Emergence de nouveaux leaders

Le mouvement de contestation n'est qu'à son début et, s'il ne subit pas un coup d'arrêt brutal, il se développera et des leaders charismatiques apparaitront. Pour l'instant, les têtes les plus connues restent l'ancien président soviétique et père de la perestroïka Mikhaïl Gorbatchev, 80 ans, l'ancien champion mondial d'échecs Garry Kasparov, opposant de longue date mais qui ne s'est pas vraiment imposé dans l'opinion publique.

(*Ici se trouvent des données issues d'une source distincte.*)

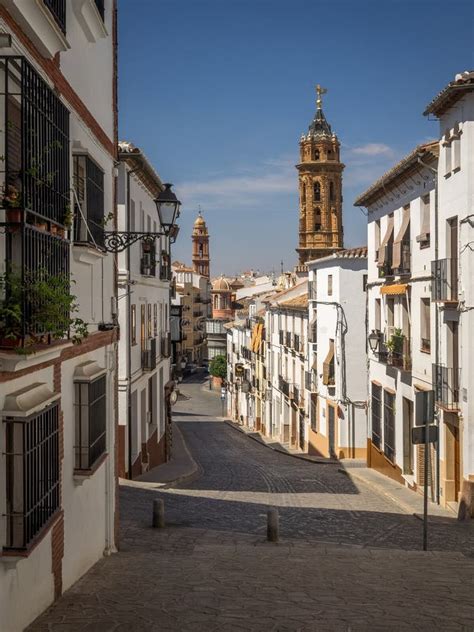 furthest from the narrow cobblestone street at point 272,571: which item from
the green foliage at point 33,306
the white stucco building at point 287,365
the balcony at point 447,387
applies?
the white stucco building at point 287,365

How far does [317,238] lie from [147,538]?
65314 millimetres

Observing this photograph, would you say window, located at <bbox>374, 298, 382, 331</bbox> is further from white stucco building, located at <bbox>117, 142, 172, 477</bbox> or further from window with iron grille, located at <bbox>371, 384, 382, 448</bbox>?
white stucco building, located at <bbox>117, 142, 172, 477</bbox>

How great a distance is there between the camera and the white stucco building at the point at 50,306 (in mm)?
6293

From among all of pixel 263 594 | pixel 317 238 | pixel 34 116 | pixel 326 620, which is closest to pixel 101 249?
pixel 34 116

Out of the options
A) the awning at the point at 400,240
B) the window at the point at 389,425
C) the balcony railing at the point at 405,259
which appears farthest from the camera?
the window at the point at 389,425

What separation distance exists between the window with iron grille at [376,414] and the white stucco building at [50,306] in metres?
15.6

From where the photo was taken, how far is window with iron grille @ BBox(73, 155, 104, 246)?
392 inches

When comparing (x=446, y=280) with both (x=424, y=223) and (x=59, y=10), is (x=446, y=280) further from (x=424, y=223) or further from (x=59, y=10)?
(x=59, y=10)

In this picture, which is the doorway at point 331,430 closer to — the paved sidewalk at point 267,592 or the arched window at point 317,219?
the paved sidewalk at point 267,592

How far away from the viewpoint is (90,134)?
10.6 m

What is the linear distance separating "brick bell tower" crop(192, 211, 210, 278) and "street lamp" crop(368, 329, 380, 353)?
102 m

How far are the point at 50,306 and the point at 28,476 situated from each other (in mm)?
1505

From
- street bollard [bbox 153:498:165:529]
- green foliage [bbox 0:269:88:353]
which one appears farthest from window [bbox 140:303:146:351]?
green foliage [bbox 0:269:88:353]

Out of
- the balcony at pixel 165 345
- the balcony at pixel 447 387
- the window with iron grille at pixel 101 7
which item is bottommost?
the balcony at pixel 447 387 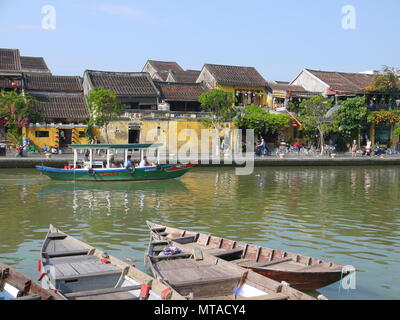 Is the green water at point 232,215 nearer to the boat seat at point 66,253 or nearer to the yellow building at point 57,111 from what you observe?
the boat seat at point 66,253

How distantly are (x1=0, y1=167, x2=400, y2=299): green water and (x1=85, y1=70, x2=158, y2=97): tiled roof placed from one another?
40.3ft

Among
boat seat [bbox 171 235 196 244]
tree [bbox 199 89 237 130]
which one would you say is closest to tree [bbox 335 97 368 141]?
tree [bbox 199 89 237 130]

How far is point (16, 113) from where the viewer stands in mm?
32625

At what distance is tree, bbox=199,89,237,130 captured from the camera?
112 feet

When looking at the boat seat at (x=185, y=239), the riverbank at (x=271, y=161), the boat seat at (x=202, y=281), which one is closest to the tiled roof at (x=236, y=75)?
the riverbank at (x=271, y=161)

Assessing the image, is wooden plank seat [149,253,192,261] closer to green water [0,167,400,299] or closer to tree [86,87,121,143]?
green water [0,167,400,299]

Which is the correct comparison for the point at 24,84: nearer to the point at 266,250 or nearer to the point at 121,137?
the point at 121,137

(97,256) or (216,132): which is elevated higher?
(216,132)

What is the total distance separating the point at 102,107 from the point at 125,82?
686 cm

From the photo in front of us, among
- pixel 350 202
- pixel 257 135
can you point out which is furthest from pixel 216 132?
pixel 350 202

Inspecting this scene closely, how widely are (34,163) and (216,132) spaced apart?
540 inches

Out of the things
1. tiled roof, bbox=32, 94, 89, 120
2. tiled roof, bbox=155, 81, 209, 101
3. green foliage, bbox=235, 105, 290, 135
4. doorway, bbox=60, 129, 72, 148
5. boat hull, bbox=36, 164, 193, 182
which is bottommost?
boat hull, bbox=36, 164, 193, 182

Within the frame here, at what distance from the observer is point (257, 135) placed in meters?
38.7

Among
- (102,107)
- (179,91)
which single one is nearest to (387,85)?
(179,91) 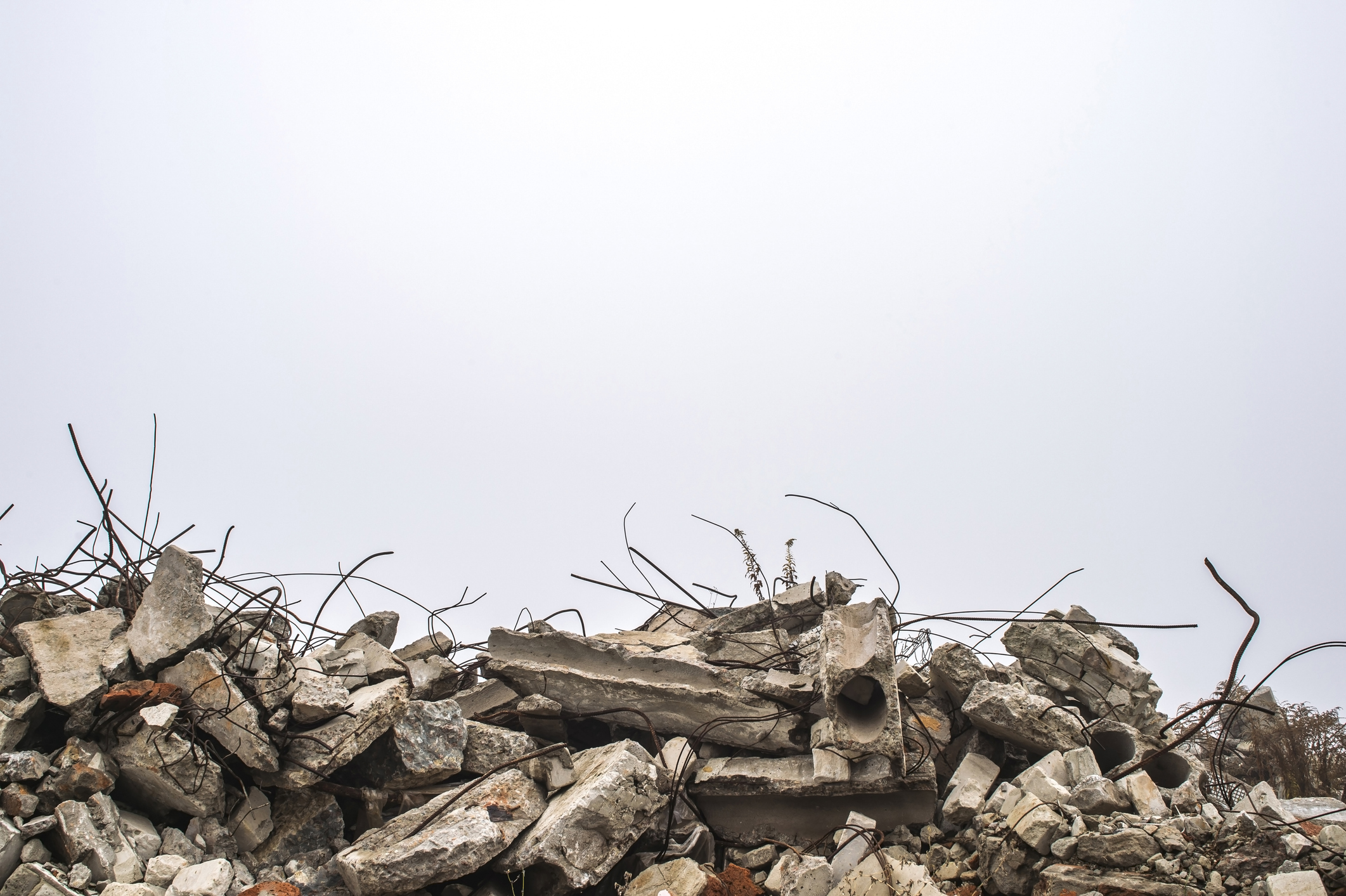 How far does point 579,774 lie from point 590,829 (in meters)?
0.46

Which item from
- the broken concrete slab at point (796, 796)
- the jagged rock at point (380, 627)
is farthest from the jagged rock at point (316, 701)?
the broken concrete slab at point (796, 796)

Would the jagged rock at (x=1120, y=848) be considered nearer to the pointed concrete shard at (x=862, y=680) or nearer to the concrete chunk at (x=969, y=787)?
the concrete chunk at (x=969, y=787)

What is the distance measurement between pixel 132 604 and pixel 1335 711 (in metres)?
9.02

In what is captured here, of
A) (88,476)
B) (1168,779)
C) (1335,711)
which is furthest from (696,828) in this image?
(1335,711)

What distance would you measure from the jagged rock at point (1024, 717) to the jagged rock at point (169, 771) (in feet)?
13.9

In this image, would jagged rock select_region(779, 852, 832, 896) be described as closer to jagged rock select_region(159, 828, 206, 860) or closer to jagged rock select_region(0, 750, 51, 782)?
jagged rock select_region(159, 828, 206, 860)

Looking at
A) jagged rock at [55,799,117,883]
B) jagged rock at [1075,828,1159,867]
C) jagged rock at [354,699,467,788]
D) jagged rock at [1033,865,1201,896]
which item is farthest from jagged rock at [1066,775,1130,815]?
jagged rock at [55,799,117,883]

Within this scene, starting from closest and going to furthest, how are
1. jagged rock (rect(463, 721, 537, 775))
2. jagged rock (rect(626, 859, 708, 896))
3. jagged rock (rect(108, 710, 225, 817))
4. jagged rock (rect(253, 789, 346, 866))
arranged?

On retrouve aussi des personnalités qui ont eu des responsabilités il y a quelques temps, comme l'ancien vice-Premier ministre Boris Nemtsov, ou encore Alexeï Koudrine, ex-ministre des Finances très respecté dans les capitales du monde entier. Mais celui dont on parle le plus à l'heure actuelle c'est Alexeï Navalny, un jeune juriste de 35 ans, père de deux enfants, blogueur infatigable et redoutable orateur, capable d'enflammer les foules. C'est lui qui, pour beaucoup, a la carrure d'un présidentiable.

Inquiétude à la tête de l’Etat

Vladimir Poutine, car c'est lui qui tient les rênes du pouvoir à Moscou, est aujourd’hui inquiet. Dans un premier temps il a tenté de minimiser le mouvement de contestation, il s'est même laissé aller à des blagues douteuses dans une émission de télévision, après la première manifestation d'ampleur : il a comparé le ruban blanc des opposants à un préservatif et les opposants eux-mêmes à une tribu de singes du Livre de la jungle de Rudyard Kipling. Il a aussi évoqué un complot de l'étranger.

Mais après la manifestation du samedi 24 décembre, avec près de 100 000 personnes dans les rues de Moscou, le ton a quelque peu changé, le porte-parole de Vladimir Poutine a dit que les gens qui sont descendus dans la rue sont une partie importante de la société et leur opinion a été entendue. Mais il s'est empressé de rajouter qu'il s'agit tout de même d'une minorité. C'est là dessus que Vladimir Poutine mise, il espère que malgré tout, la plupart des Russes le soutiendront.

La présidentielle relancée

La présidentielle est prévue en mars prochain. Vladimir Poutine a œuvré pour revenir au Kremlin à cette occasion mais d’ici là il peut se passer beaucoup de choses. Déjà l'opposition voudrait que soient annulés les résultats des législatives de décembre, là où les fraudes ont été les plus massives, un processus qui pourrait mener à de nouvelles élections avec la réforme électorale annoncée la semaine dernière par le président Dmitri Medvedev. Mais il n'est pas sûr du tout que Vladimir poutine se résolve à accepter ce scénario, à moins, à moins, d'y être contraint par une mobilisation encore plus forte de l'opposition.

Ce lundi, peu de gens se sont déplacés pour soutenir Sergueï Oudaltsov, le chef de file d'un mouvement d'extrême gauche condamné à dix jours de prison. La preuve que l'opposition bien que mieux organisée n’est pas encore unitaire. Mais ses leaders appellent tout de même à une nouvelle grande manifestation au début de l'année prochaine, probablement aux alentours du 10 janvier. Ce sera un test probablement décisif pour mesurer le rapport de forces avec le pouvoir de Vladimir Poutine.